Grub-bhyve has access to the host filesystem through the '(host)' pseudofs. Considering that the typical Linux guest would have its grub configuration on its boot partition (as the handbook suggests: https://www.freebsd.org/doc/handbook/virtualization-host-bhyve.html) this means that having root permissions on the guest allows you to access the host filesystem on the next VM boot, for example:
* Add "source (host)/root/secret.txt" to the head of grub.cfg
* Add "myvalue=$password" to the kernel command line
* Shut down VM
* On the host: "echo password=verysecret12345 > /root/secret.txt"
* Launch VM
$ cat /proc/cmdline
console=ttyS0 BOOT_IMAGE=/boot/vmlinuz-4.4.0-75-generic root=UUID=e757cf85-936a-4fe8-b099-54046961756d ro myvalue=verysecret12345
As you can see this might be a critical information leak in certain circumstances, especially because you have to (?) run grub-bhyve as root on the host system.
Perhaps an option could be added to chroot the bootloader once it is done loading libraries and opening image/disk files? Module loading is disabled so the filesystem appears to be the only remaining attack surface.
Hmm, bhyveload doesn't provide a host filesystem by default unless it is enabled via a command line argument and the argument gives a subdirectory that all requests are made within. (There's no prevision for escaping the subdirectory via .. symlinks though IIRC.) I haven't looked at grub2-bhyve, but it seems like it should similarly only enable (host) if specifically configured by the user and not by default.

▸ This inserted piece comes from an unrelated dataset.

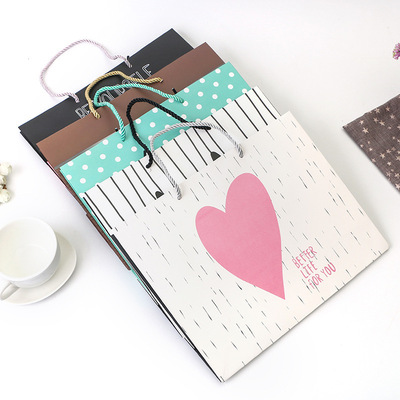 包装大号横款礼品袋 卡通多款手提式礼品购物袋生日礼物包装纸袋|ru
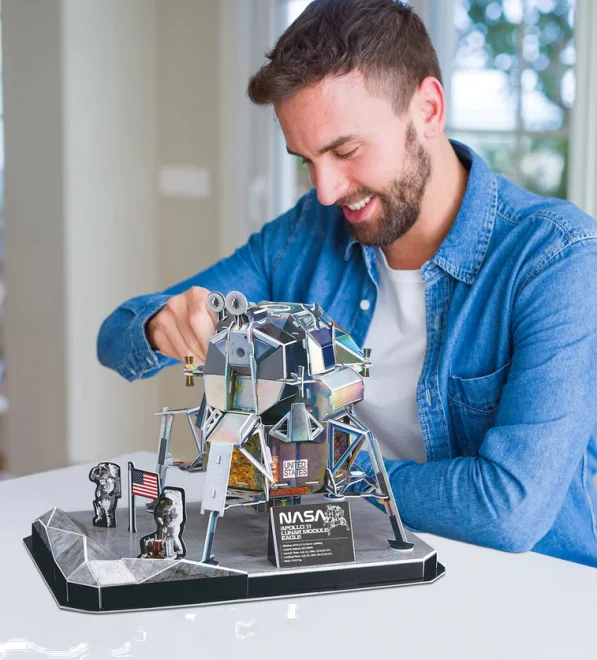 CubicFun 3D puzzle NASA: Apollo 11, Lunární modul Eagle 93 dílků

The change proposed in https://github.com/grehan-freebsd/grub2-bhyve/pull/12 limits filesystem access to that available as user 'nobody' rather than 'root'. I like John's proposal as well.
bhyveload(1) uses the '-h hostdir' flag for this. This is similar to '-r host -d hostdir' in grub-bhyve syntax; however, '-r host' is the default in grub-bhyve.
'-h' is available in grub-bhyve, but I would avoid using it for anything other than '--help'.
We could treat explicit '-r host' similar to explicit '-h hostdir' in grub-bhyve. That is, do not allow host filesystem access _at all_ unless '-r host' was specifically provided as a parameter. This would retain compatibility with vm-bhyve's use of '-r host', while denying host filesystem access by default.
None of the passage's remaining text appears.